Ordered my Dual XHD6430 head unit from Crutchfield and had it installed installed on 7/25. Since then, it has needed reset six or seven times. By this, I mean, when I turn on the car, it will go blank and only light up red - will not work for anything else, not even the clock. 

The shop that installed it says they cannot do anything about it, that it is because Dual is a 'cheap line'...

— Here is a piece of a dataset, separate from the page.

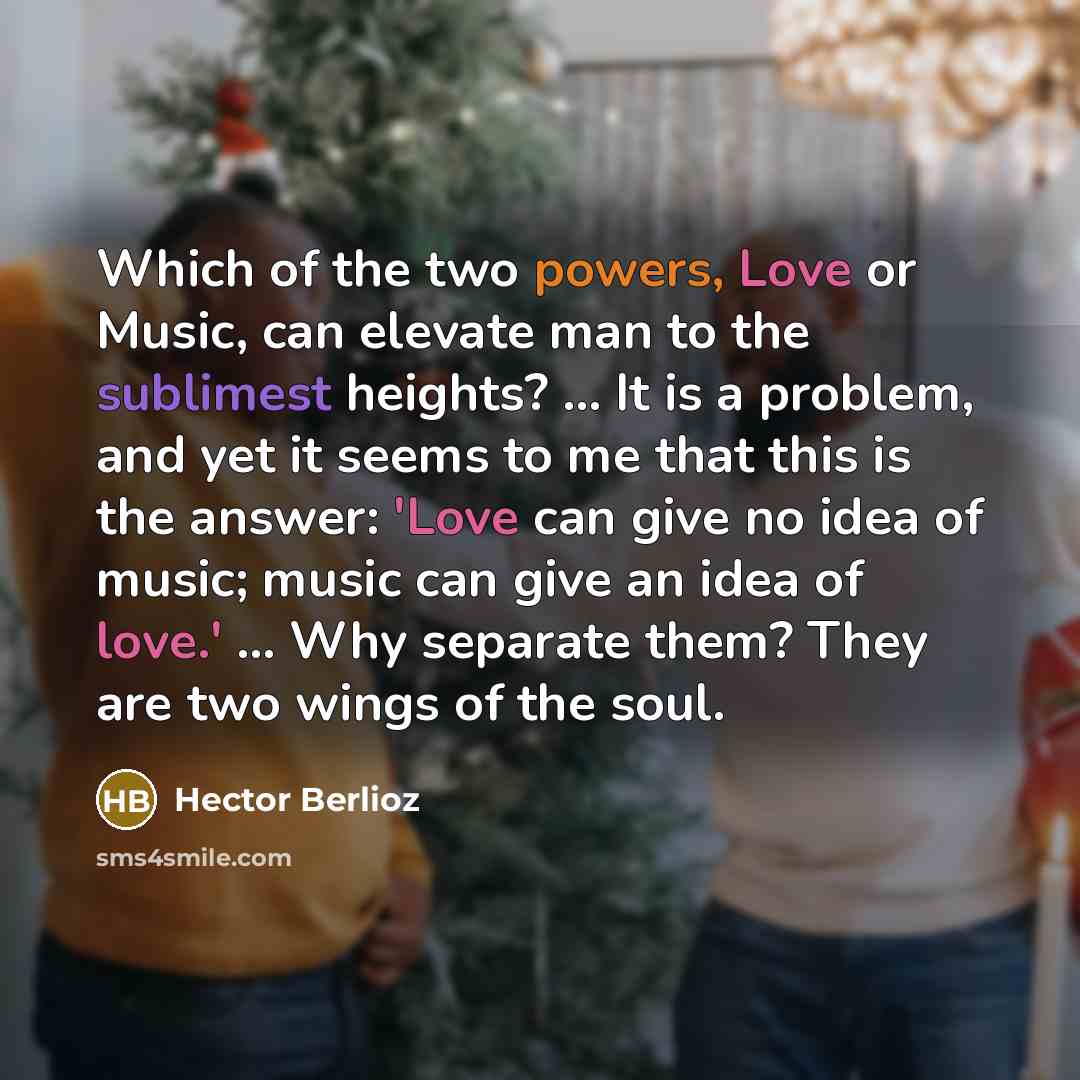 “Which of the two powers, Love or Music, can elevate man to the sublimest heights? ... It is a problem, and yet it seems to me that this is the answer: 'Love can give no idea of music; music can give an idea of love.' ... Why separate them? They are two wings of the soul.” quote by Hector Berlioz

Should I file for a return to Crutchfield before time runs out? Can't remember if I have to pay for return shipping/stock fees or not.


----------



## jaggerwild (May 21, 2007)

uRabbit said:


> Ordered my Dual XHD6430 head unit from Crutchfield and had it installed installed on 7/25. Since then, it has needed reset six or seven times. By this, I mean, when I turn on the car, it will go blank and only light up red - will not work for anything else, not even the clock.
> 
> The shop that installed it says they cannot do anything about it, that it is because Dual is a 'cheap line'...
> 
> Should I file for a return to Crutchfield before time runs out? Can't remember if I have to pay for return shipping/stock fees or not.


 For the price of a restocking fee(or a little more) you could take them to small claims court. Cheap line according to them, ask if the installer is MECP certified.


----------